> _Exercise data_

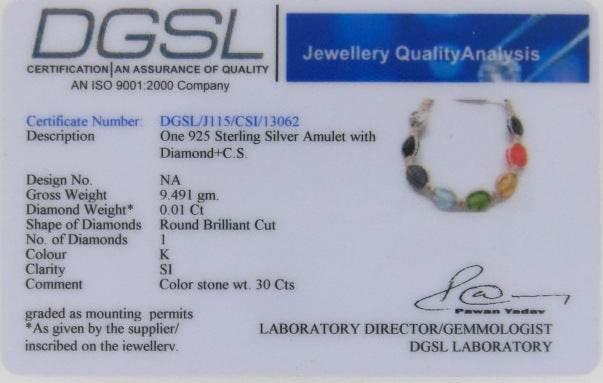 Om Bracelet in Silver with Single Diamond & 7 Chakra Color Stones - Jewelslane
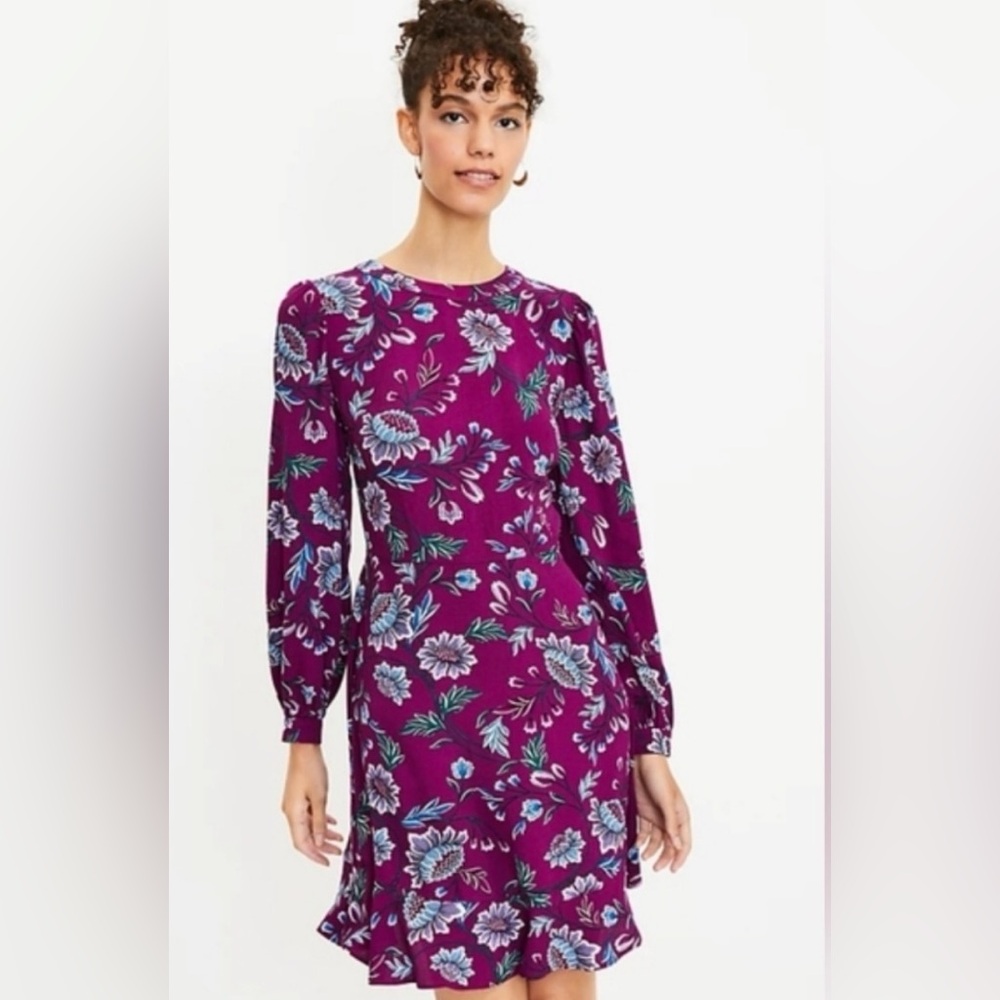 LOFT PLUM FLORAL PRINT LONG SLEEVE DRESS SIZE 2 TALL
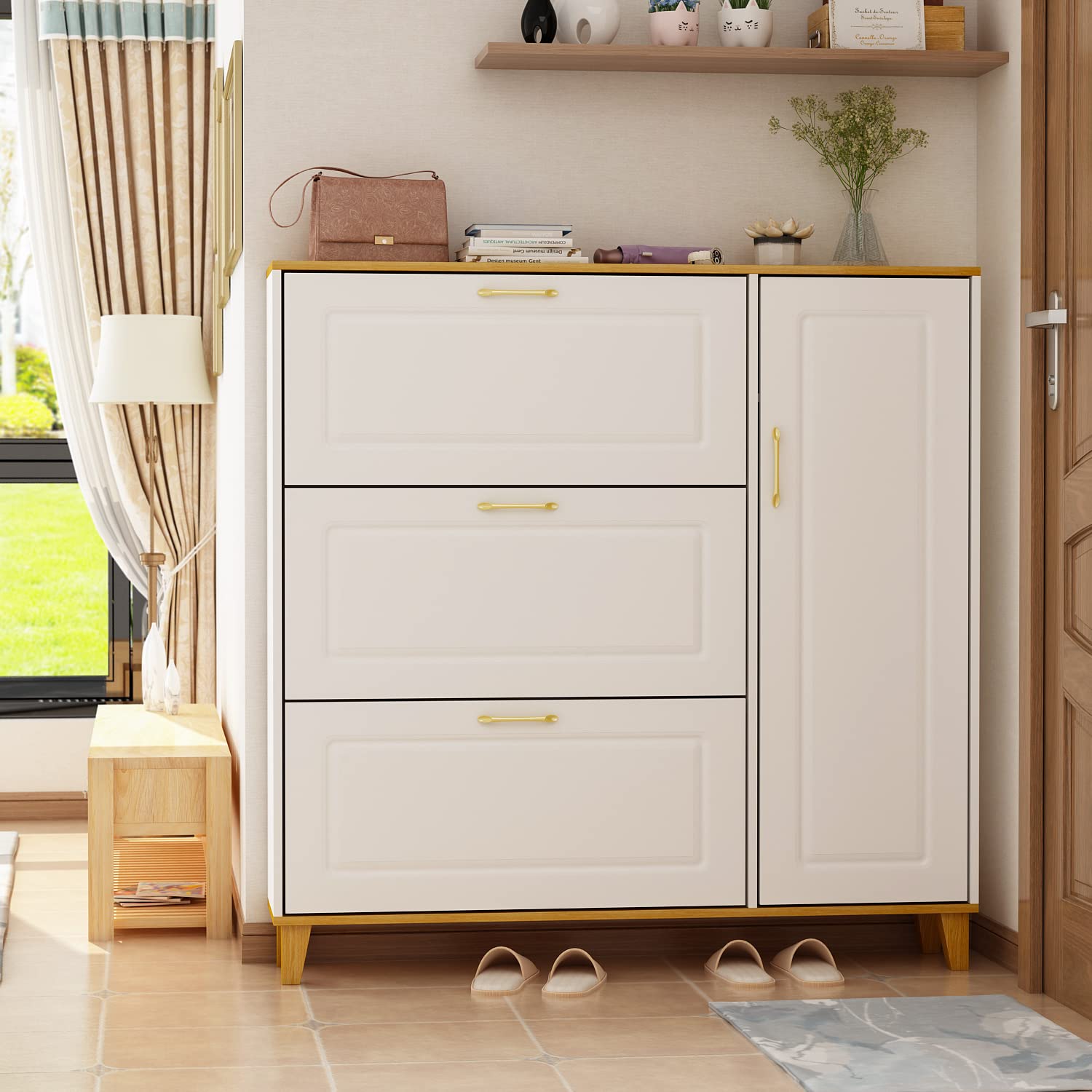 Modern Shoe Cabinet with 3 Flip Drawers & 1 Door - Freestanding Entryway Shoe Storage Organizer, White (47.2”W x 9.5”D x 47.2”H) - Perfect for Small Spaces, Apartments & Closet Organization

> _The task_
Print the data once more without any change, skipping each picture.

> _Answer section_
 Om Bracelet in Silver with Single Diamond & 7 Chakra Color Stones - Jewelslane
 LOFT PLUM FLORAL PRINT LONG SLEEVE DRESS SIZE 2 TALL
 Modern Shoe Cabinet with 3 Flip Drawers & 1 Door - Freestanding Entryway Shoe Storage Organizer, White (47.2”W x 9.5”D x 47.2”H) - Perfect for Small Spaces, Apartments & Closet Organization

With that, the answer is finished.